Em 2008, após o caso de Orlando Silva, limitou-se ainda mais e de forma mais expressa o saque por meio do cartão, com o Decreto 6370. Só pode ser feito:

  • naqueles casos de despesas “para atender a peculiaridades” da Presidência, Vice-Presidência e alguns órgãos e funções;
  • No caso da Presidência, a Portaria 778/2008 da Casa Civil estabeleceu que saques com cartão corporativo para gastos da Presidência só poderiam ser realizados em lugares ou estabelecimentos que não tivessem máquina de cartão. Vigente até pelo menos outubro de 2020, segundo esta portaria;
  • em situações específicas de um órgão ou entidade, dentro do limite de até 30% do total da despesa anual do órgão ou entidade com esse tipo de gasto (suprimento de fundos);
  • em situações específicas de uma agência reguladora, com o mesmo limite acima.

Procede a informação de que os gastos com o cartão corporativo de Bolsonaro estava sob sigilo de 100 anos?

Não. Os gastos estavam classificados como “reservados” conforme permite o art. 24, §2º da Lei de Acesso à Informação: “As informações que puderem colocar em risco a segurança do Presidente e Vice-Presidente da República e respectivos cônjuges e filhos(as) serão classificadas como reservadas e ficarão sob sigilo até o término do mandato em exercício ou do último mandato, em caso de reeleição”.

Como o mandato de Bolsonaro acabou, o sigilo sobre os gastos com o cartão corporativo presidencial em sua gestão caducou.

Que tipo de despesas podem ser sigilosas e de até quanto tempo pode ser o sigilo?

Despesas:

  • cuja divulgação possa comprometer a segurança do do Presidente e Vice-Presidente da República e respectivos cônjuges e filhos(as). Prazo máximo: até o final do último mandato (ou seja, 4 anos ou 8, se a pessoa for reeleita);
  • qualquer outra cuja divulgação, segundo o órgão que realizou a despesa, possa “comprometer a segurança da sociedade e do estado”. Entram aqui as despesas da Polícia Federal, de órgãos de inteligência ou do Ministério das Relações Exteriores, por exemplo. Nesse caso, os prazos de sigilo são os determinados pela LAI: 5 anos (se a informação for classificada como “Reservada”), 15 anos (se for classificada como “Secreta”), 50 anos (se for classificada como “Ultrassecreta”). O prazo de sigilo pode ser definido também por um acontecimento específico (até o final de uma determinada investigação, por exemplo).

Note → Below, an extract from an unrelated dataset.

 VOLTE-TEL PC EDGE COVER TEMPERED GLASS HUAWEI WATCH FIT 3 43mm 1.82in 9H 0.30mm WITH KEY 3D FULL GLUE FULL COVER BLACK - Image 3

Foi divulgado que, com a correção monetária, Lula e Dilma Rousseff gastaram mais em seus mandatos que Bolsonaro. Nas redes sociais, especularam que era porque, na época de Lula e Dilma, os gastos diziam respeito também aos ministérios, enquanto que, no caso de Bolsonaro, dizia respeito somente à Presidência da República. Isso procede?

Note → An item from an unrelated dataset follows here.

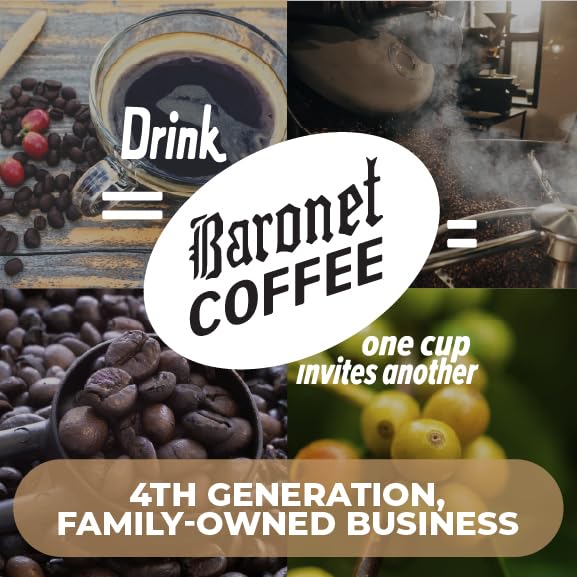 Baronet Coffee Pods [French Vanilla-54 Pods] Flavored Single Cup Use Like Senseo [3 Boxes of 18 Single Serve 10 Gram] Regular Strength Medium Roast [French Vanilla]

Não. A planilha divulgada, cujos dados mostram essa diferença nos gastos, contém apenas dados referentes a órgãos da Presidência da República. É possível verificar isso por meio do código de classificação de cada linha de despesa, o chamado CIDIC. Os primeiros dígitos de cada código identificam a unidade do governo que produziu a informação, e todos os que aparecem na planilha são de órgãos da Presidência.